Pourriez-vous maintenant présenter Jaloux?
C'est l'histoire d'un couple qui va mal. Ils s'en vont dans un chalet en forêt pour essayer de se retrouver. Ils croisent un homme qui se fait passer pour le voisin. Qui est-il? Que veut-il? En revenant de ce périple, le couple sera uni par un terrible secret.

Jaloux est donc un thriller. Mais il est également basé sur l'improvisation. Quelle était l’idée première? Faire un thriller ou continuer à travailler dans le prolongement de ce que vous aviez fait avant?
J'ai utilisé le thriller pour m'assurer que je pourrais présenter quelque chose au grand public au bout de mon travail de création, de mon expérimentation. Je ne voulais pas avoir un résultat expérimental (…). Je trouvais que pour faire ce travail et essayer de démontrer qu'on peut écrire un film par son médium, et moins par l'écriture, je devais me frotter à la technique même. (…) Le thriller me semblait la bonne chose pour y arriver, en servant de balise et de point de repère pour moi, les comédiens, le public... (…)
Je trouvais que ce genre permettait d'explorer le thème de la jalousie, ce qui était à la base mon  idée. (…) J'utilise ses codes, et je pervertis le genre également, je pense, car à la fin... Qui sont les bons? Qui sont les méchants? Je pense que je ne livre pas ce que je promets au début. Je ne fais pas un thriller. J'utilise plus le thriller.

Est-ce que dès le départ, il y a une trame narrative précise, avec une improvisation qui se fait uniquement au niveau des dialogues, ou l'histoire a-t-elle évolué durant le tournage?
L’histoire est écrite sous forme de scène-à-scène non dialogué. À partir de six mois de rencontres, je mets sur papier en une vingtaine de pages un résumé de cinq à dix lignes de chaque scène. Le tournage commençant, ce scène-à-scène se modifie à mesure, s'enrichit et se raffine au gré des idées qui se rajoutent. Tout le monde est isolé en forêt, personne ne retourne chez lui, on en parle le soir, en déjeunant le matin. On regarde les rushes chaque jour, on raffine, on raffine, on raffine. Et puis au montage, il y a un très grand travail de sélection. J'élague énormément car j'ai beaucoup de possibilités et de dialogues. J'en garde très peu. C'est déjà prévu qu'on travaille de façon linéaire et qu'à la fin je vais déconstruire l'histoire au montage. (…) En déconstruisant je voulais exprimer le flou dans lequel les personnages se retrouvent, qui les pousse aux gestes qui vont poser. On ne sait pas s’ils savent qui était où le lendemain matin, ce qui s'est passé cette soirée là. Le spectateur est dans le même état car lui aussi les choses lui sont présentées de façon non linéaire et il doit remettre les pièces du puzzle ensemble dans sa tête.

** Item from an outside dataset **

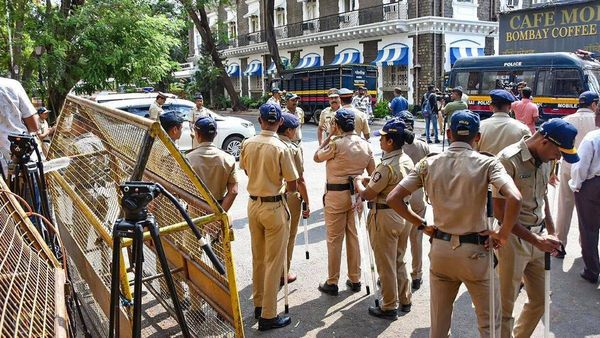 Mumbai Audition Turns Shocking: 20 Children Held Hostage in Powai, Suspect Arrested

Le dénouement final était-il le même dès le scène-à-scène?
Le dénouement a été modifié. Un dénouement plus intéressant nous est apparu à force de travailler les personnages. Un personnage a été redéfini… mais je ne peux en dire trop! On avait déjà tourné une scène et je l'ai retournée pour qu'elle soit perçue de la bonne façon par le spectateur... c'est la dernière scène du film. C'est le dénouement. (...)

Pour le montage, vous aviez beaucoup d'heures de film?
Une quarantaine d'heures. Pour commencer, je l'ai monté en linéarité. J'ai fait une projection avec mon équipe, on en a parlé, et dans un deuxième temps on a amorcé les flash-back, la déconstruction, la nouvelle façon de le présenter, en corrigeant les défauts qu'on trouvait dans cette première version linéaire. Je clarifie, je simplifie, je ne présente que ce qui est intéressant. J'élague... j'élague... et je suis arrivé à ça.
C'est un travail de quatre à cinq mois, réparti sur un an.
C'est de l'écriture...

Oui, c'est ce que vous disiez tout à l'heure: l'écriture se fait à tous les niveaux. Du départ jusqu'à la dernière version du montage.
L'idée de révéler tout de suite que Ben n'est pas Ben, vous l'aviez dès le départ? C'était une évidence?
Oui, ça me semblait évident. Je ne veux pas attirer l'attention des gens la dessus.

Parfois le thriller insiste sur des révélations tardives qui ne sont pas les plus subtiles...
Ce n'est pas un whodunit, c'est un whodoesit (rires)!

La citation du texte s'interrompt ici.